Amani El Tunsi ist Radiomacherin in Kairo.
Amani El Tunsi ist Radiomacherin in Kairo.

Kairo. Amani El Tunsi ist Radiomacherin in Kairo. Daran allein wäre noch nichts Besonderes. Aber die 28-Jährige betreibt mit "Banat w Bas", arabisch für "Girls Only Radio", den ersten feministischen Online-Radiosender im arabischen Raum. "Ich mache mir Gedanken über die nächste Generation von Mädchen", sagt Amani El Tunsi. "Viele beschäftigen sich allein mit ihrem Aussehen, ihrem Körper und ihrer Kleidung. Die jungen Mädchen reden über nichts anderes, als so schnell wie möglich zu heiraten. Sie hinterfragen nichts."

Die Geschichte von "Girls Only Radio" beginnt im April 2008, als El Tunsi - sie arbeitete damals als Artdirectorin für ein Jugendmagazin - mit dem Auto durch den Stadtteil Maadi fährt und beobachtet, wie ein Mann auf der Straße eine Frau verprügelt. Als die Frau davonläuft, lässt El Tunsi sie ins Auto einsteigen und braust davon. "Das darfst du dir nicht gefallen lassen", erklärt sie ihr später, "du musst Anzeige erstatten." Worauf diese antwortet: "Aber er ist doch mein Ehemann." Die Reaktion der misshandelten Frau macht El Tunsi bewusst, dass Frauen in der ägyptischen Gesellschaft keine Stimme haben und keine Instanz, sich zu beschweren oder grundlegende Fragen zu diskutieren. "Mir war in diesem Moment klar, dass ich die Frauen erreichen muss. Und zwar nicht nur eine, die mir zufällig über den Weg läuft. Sondern so viele wie möglich."

"Kein Sex, keine Politik"


El Tunsi setzt sich mit ein paar Freundinnen zusammen, nimmt einen Kredit auf. Am 1. Juli 2008 geht "Banat w Bas" auf Sendung. Es ist, wie sich bald zeigt, genau das richtige Angebot: Mit fast sechs Millionen Besuchern auf der Website und mehreren Hunderttausend Zuhörerinnen ist der Radiosender so erfolgreich, dass er auch im Ausland Lorbeeren einheimst: Am 1. Mai 2011 wird Amani El Tunsi mit dem "Young Leaders Award" der deutschen BMW-Stiftung ausgezeichnet.
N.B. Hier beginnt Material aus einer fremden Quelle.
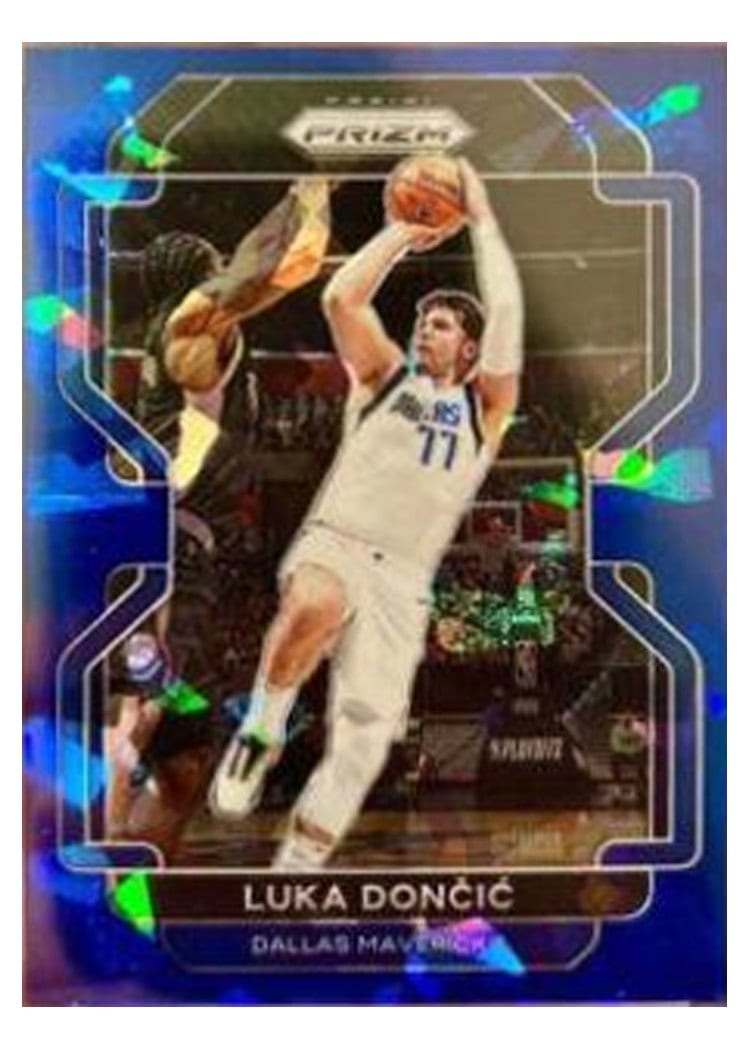 2021 Panini Prizm Luka Doncic #223 card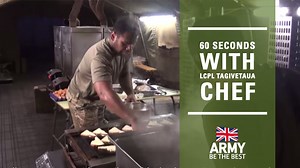 Lance Corporal Tagivetaua 🇫🇯is a Chef in the Royal Logistic Corps. He is currently deployed to South Sudan on Operation Trenton. Here he takes 60 seconds from his day to explain the role he performs when deployed and what he does during his day. The UK has nearly 400 troops deployed in support of the UN Mission to South Sudan. This is one of the UK's largest operational deployments. This forms part of our commitment to the pursuit of peace and stability in the country. | British Army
El Tunsi ist kaum eine Woche auf Sendung, da geht der Sicherheitsapparat auf Tuchfühlung. "Ich habe einen Anruf mit einer unterdrückten Telefonnummer erhalten", erzählt sie, "ein Beamter war dran, der mich auf einen Kaffee in sein Büro einlud." Zwar gelingt es ihr, die Beamten von der Harmlosigkeit von "Girls Only" zu überzeugen, allerdings geben die Männer der Radiomacherin strenge Richtlinien mit auf den Weg: "Wenn du keine Schwierigkeiten haben willst und es deinen Sender noch länger geben soll", mahnen die Herren, "dann berichtest du besser nicht über Religion, Sex oder Politik." Worüber aber sprechen, wenn drei so wesentliche Themen der Selbstzensur unterliegen?

Die Strategie von El Tunsi ähnelt jener in anderen zensurgeplagten Ländern. Informationen zwischen die Zeilen packen, sie so subtil ans Publikum bringen, dass der Zensor keinen Verdacht schöpft oder nichts bemängeln kann. "Wir mussten sehr geschickt sein", schmunzelt El Tunsi. "Wenn es um heikle Themen ging, haben wir eben eine entsprechende Buchrezension gebracht." Mit der Empfehlung an die Zuhörerinnen, im Buch dort weiterzulesen, wo es in der Radiosendung nicht weiter gehen darf. "Wir haben den Frauen gesagt: Geht, kauft euch dieses Buch, und ihr werdet eine Menge erfahren. Und gebt es euren Töchtern zu lesen. Das waren Bücher zu allen möglichen Themen: harmlose Sachen wie Mode, Kochen oder Gesundheit, bis hin zu brisanten Fragen zur Rolle der Frau in der islamischen Gesellschaft etwa oder zur Kinder- und Töchtererziehung. Soziale Themen wie Scheidung, Ehe, Gewalt. Oder auch - und das ist in Ägypten ein echtes Tabu-Thema - die Beschneidung von Frauen", erklärt El Tunsi.

Jetzt ist völlig unklar, was auf den "Arabischen Frühling" folgen wird und ob sich die hohen Erwartungen erfüllen lassen. Für die Feministinnen rund um El Tunsi trägt die Revolution jedenfalls einen schalen Beigeschmack: Zwar können die Frauen in der Sendung nun ohne Angst vor staatlichem Einschreiten über Politik, Sex und Religion sprechen. Doch setzen nur wenige Tage nach Mubaraks Rücktritt auf den Straßen auch wieder die Belästigungen ein. Als hätte die Revolution auf die Frauen vergessen, muss wieder für Selbstverständlichkeiten gekämpft werden. "Es kommt mir so vor, als müssten wir ganz von vorne beginnen", sagt El Tunsi frustriert. Zusammen mit anderen Feministinnen demonstriert sie weiterhin jeden Freitag am Tahrir-Platz für Frauenrechte: "Wir haben Angst um unsere Revolution."